Will the next federal government lift the curtain on the true cost of TMX?

Costs for the Trans Mountain expansion project continue to rise, but with the company behind it becoming more opaque since Ottawa bought the pipeline, it’s hard to say by how much, according to a new report of the West Coast Environmental Act (WCEL).

That’s why the Vancouver-based nonprofit is asking the next federal government to provide detailed and transparent information on the project’s cost and schedule, fearing the bill will exceed the announced $ 12.6 billion. in February 2020.

“We estimate that the cost of construction is now approaching $ 20 billion,” said Eugene Kung, a co-author of the study. “Part of the challenge is that without updated information from Trans Mountain, we have to make these assumptions, (but) until you see something credible that changes that, my opinion is that it is close to $ 20 billion.”

Kung explains that WCEL arrived at that figure by carefully studying hundreds of documents filed with Canada’s Energy Regulator, along with affidavits.

“What we found was evidence in each segment of the portfolio of delays ranging from two to 23 months, and what it allows us to do is project that the project will now be delayed until 2023,” Kung said.

Trans Mountain declined to comment on specific claims made in the report.

“At this time, we do not have any updates to the overall project cost or schedule; any updates will be the result of a thorough and detailed process,” a spokesperson said.

The report highlights delays caused by “systemic noncompliance with COVID-19 protocols,” stop-of-work orders related to logging after federal officials caught subcontractors cutting down trees in an area where protected birds nest. and wildfires during the construction season.

There are also delays related to complex engineering challenges, such as Drilling a tunnel through Burnaby Mountain or drilling under the Fraser River.

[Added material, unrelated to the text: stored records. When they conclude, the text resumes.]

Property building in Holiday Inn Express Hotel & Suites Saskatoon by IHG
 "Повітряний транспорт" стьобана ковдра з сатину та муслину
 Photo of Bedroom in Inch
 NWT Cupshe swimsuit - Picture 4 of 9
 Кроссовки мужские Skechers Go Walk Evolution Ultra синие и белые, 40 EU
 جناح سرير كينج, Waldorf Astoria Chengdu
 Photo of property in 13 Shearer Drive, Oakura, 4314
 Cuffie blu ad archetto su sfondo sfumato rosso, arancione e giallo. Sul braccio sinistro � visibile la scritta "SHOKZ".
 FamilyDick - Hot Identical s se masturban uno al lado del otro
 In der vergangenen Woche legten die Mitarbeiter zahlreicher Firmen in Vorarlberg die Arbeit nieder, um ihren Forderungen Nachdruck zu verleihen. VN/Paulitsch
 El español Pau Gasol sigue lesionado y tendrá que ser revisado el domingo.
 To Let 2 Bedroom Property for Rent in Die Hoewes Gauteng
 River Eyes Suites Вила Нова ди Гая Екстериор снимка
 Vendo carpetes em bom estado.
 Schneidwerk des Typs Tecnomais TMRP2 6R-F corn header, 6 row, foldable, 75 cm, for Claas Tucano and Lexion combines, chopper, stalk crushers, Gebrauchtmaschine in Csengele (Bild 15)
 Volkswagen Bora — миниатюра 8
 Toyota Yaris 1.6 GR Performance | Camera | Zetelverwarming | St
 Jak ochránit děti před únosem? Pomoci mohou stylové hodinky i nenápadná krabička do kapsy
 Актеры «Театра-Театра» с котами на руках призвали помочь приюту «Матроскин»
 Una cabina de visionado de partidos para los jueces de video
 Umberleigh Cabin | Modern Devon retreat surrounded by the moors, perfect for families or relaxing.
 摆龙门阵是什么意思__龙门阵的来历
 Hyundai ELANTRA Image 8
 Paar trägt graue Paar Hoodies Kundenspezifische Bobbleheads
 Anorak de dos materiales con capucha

Construction of the tunnel began in May and is expected to take 20 months, assuming there are no delays. Drilling under the Fraser River would take 14-15 months and is scheduled to begin in October.

Complex mega-projects like TMX are susceptible to cost overruns in part because minor problems can turn into long delays, since there are so many moving parts that have to happen in a certain order. For example, the Crown corporation has to drill the tunnel through the mountain before the pipeline can be installed.

Coordination is only half the battle because there are also physical limitations in the construction season, such as animal migration and breeding patterns, weather, and increasingly wildfires.

“There has to be a point where these projects no longer make sense, and I think that’s especially true when we are talking about a piece of oil and gas infrastructure in a climate crisis,” says Eugene Kung, staff attorney at @ WCELaw . # Elxn44

“I was driving along the construction route this summer along the Coquihalla Highway, and the day before the July Mountain Wildfire struck Coquihalla, I was right in a major construction zone that was previously active but that she had to be evacuated, ”Kung said. “That really brought him home, and of course the irony of trying to force or rush the construction of an oil pipeline while the territory is burning was not lost on anyone.”

Kung said that one of the reasons that Trans Mountain has been able to “maintain the illusion of being in the program is by circumventing local laws” or by being excused from the conditions that were originally imposed.

“By our count, they have requested relief from the regulator 70 times, and we could only find one case where regulators said no to those requests,” Kung said.

One example noted in the report was last year when Trans Mountain re-drilled under the Thompson River without first seeking regulatory approval and requested exemption from that requirement.

The regulator did not buy into Trans Mountain’s raison d’être for apologizing instead of permission, saying “the commission takes violations of its requirements seriously.” Still, the regulator granted Trans Mountain’s request.

“This raises concerns that if there were a failed drilling attempt under the Fraser River, Trans Mountain could continue to ignore CER requirements to meet its commissioning date, and then apologize,” the WCEL report says.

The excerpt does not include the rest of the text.